Partendo dall’analitica e fredda cronaca degli ultimi istanti di vita di una relazione, Antonioni guida lo spettatore in un viaggio onirico tra le strade di una Roma dal crescente benessere. Rumorosa e caotica e in pieno boom ma segnata da una profonda crisi esistenziale. Silenziata nell’animo da un’infelicità inappagabile. Uomini e donne alienati, alla deriva in paesaggi vuoti di metafisiche e fredde architetture, che nel buio della notte, quando la luce dei lampioni diventa più fioca, trovano ad attenderli l’insonnia di una tempesta interiore. Sentimenti inespressi filmicamente catalizzati dalle volontà alienate di Piero e Vittoria di Delon e Vitti a cui Antonioni cuce un occhio registico tenero ed estraniante, regalando loro un intero mosaico di gesti d’amore vuoti, egoistici, e disinteressati, attraverso cui destrutturare il discorso amoroso. Del resto la scelta del titolo L’eclisse non era casuale. Gli venne nei primi mesi del 1962, quando si trovò a Firenze a filmare un’eclissi solare: «C’era un silenzio diverso da tutti gli altri silenzi. Una luce color cenere. Poi l’oscurità, e una quiete totale. Ho pensato che i nostri sentimenti si fermassero durante un’eclissi».

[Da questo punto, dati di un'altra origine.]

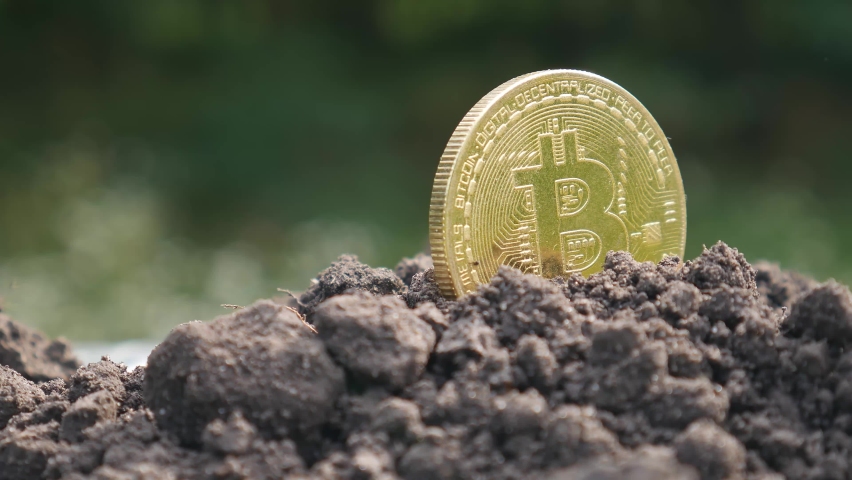 The concept of extraction and mining of cryptocurrency. Bitcoin dug up in the ground | Shutterstock HD Video #1094049743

Intenti che trovano infine consolidamento nel climax. Quei ultimi sette minuti che a detta di Scorsese: «Ci hanno suggerito che le possibilità nel cinema erano assolutamente illimitate». Un formidabile esempio di regia intenzionale attraverso cui Antonioni manipola le aspettative del pubblico giocando di attese, depistaggi, e suggestioni, giungendo infine alla sparizione/assenza della coppia come privazione del desiderio d’amore. Un escamotage narrativo dal tempismo brutale e netto che se al tempo fu fonte di sconcerto, oggi appare di una bellezza abbacinante. Sette minuti seminali per provare a comprendere la grandezza di Antonioni. Non erano di questo avviso alcune distribuzioni esotiche che – per ragioni commerciali – operarono tagli a piacimento. Come negli Stati Uniti dove per un paio d’anni L’eclisse fu proiettato mancante proprio del climax originale ritenuto incomprensibile. In Germania si limitarono ad appena tre minuti di tagli lasciando del tutto integra la sequenza finale. In Argentina fecero perfino “meglio”: oltre trenta minuti di tagli rispetto al montaggio definitivo al fine di favorirne il ritmo.
Una nazione dove invece L’eclisse fu accolto in tutta la sua bellezza è il Giappone. È opinione comune tra i nipponici che quello dell’opera di Antonioni sia un brillante esempio di mini-teatro. E non solo questo. Nei karaoke degli anni Novanta alcune delle scene furono utilizzate come sfondo musicale a brani nostalgici. La trovata deve essere arrivata sino in Grecia perché nel 1993 il cantautore ellenico Lavrentis Machairitsas scelse proprio alcune sequenze de L’eclisse per sottolineare il pathos nel videoclip della canzone Mikros Titanikos/Piccolo Titanico. Le mille e una vite di un L’eclisse che tra trasformazioni inaspettate e sorprendenti è giunto al sessantennale mantenendo intatta – se non perfino arricchita – la propria aura. Sarà anche l’ultima opera che Antonioni girerà in bianco e nero. Due anni dopo sarà la volta di Deserto rosso con cui la Trilogia diventerà Tetralogia dell’Incomunicabilità: un poker di suggestioni e ispirazioni per cineasti e cinefili nel segno di una Monica Vitti divenuta grazie ad Antonioni musa leggendaria ed alienata dalle molteplici evoluzioni recitative.